RE: threading is a risky business

From: Tom von Alten <tom_vonalten_at_boi.hp.com_at_hypermail-project.org>
Date: Thu, 14 Oct 1999 16:05:30 -0600
Message-ID: <001f01bf1690$3a62abf0$c9d1020f_at_alien-nt.boi.hp.com>


Daniel Stenberg writes:
> 1. The thread index requires a mail that is not a reply to start a
> thread with.
>
> 2. The function hashreplynumlookup() (struct.c:362) does it best
> to look up possible replies.
>
> 3. In the problematic mailbox we have identical subjects "Re:
> Beschwerde" in all three mails, but only one of them with a
> In-Reply-To: header.

...
> 4. All this taken together, mail 0 is considered the reply to
> message 2 and the other two are considered replies to mail 0.
>
> I really can't see any good way out from this.
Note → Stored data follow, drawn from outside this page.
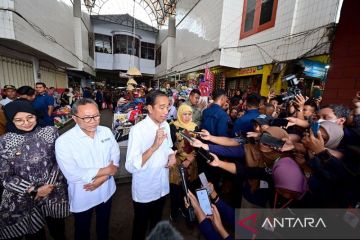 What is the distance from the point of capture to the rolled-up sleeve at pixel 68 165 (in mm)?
1384

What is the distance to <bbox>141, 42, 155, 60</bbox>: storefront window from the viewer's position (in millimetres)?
23091

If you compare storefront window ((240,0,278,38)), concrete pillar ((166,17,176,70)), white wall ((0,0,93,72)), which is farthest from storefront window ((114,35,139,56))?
storefront window ((240,0,278,38))

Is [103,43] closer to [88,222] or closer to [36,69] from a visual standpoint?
[36,69]

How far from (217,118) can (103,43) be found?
73.5 feet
Other than not match that
> willingly on subjects, but that will make hypermail less effective when
> clients that don't support in-reply-to and similar are used.
>
> Anyone with ideas or suggestions around this?

I'm not exactly sure what you mean by #4, but it sounds like a circular reference. Is that what made the thread disappear?

Without diving into the code, it occurs to me that there needs to be a defined algorithm with no ties, and no unending lists. It seems like the date (sure, but which one?!) should be a consideration. In the example you give, the way out might be that we find 0 is a reply to 2, 1 is a reply to 0 and 2 is a reply to 0... but disallow that as circular. So, this thread is
  2
   0
    1
and go on.

As for suggestions, I have one that probably can't fly for v2, but something to consider:

When I first started hacking v1.02 and the wrapper script a coworker gave me, I worked to improve threading based on the subject field alone. I quickly got lost in cross references in the hypermail code, and chose to work on the wrapper shell script instead.

The general outline of what I did was to try to recognize and remove prefixes (and variations in capitalization) and extract a string I called the "thread" (title, if you will).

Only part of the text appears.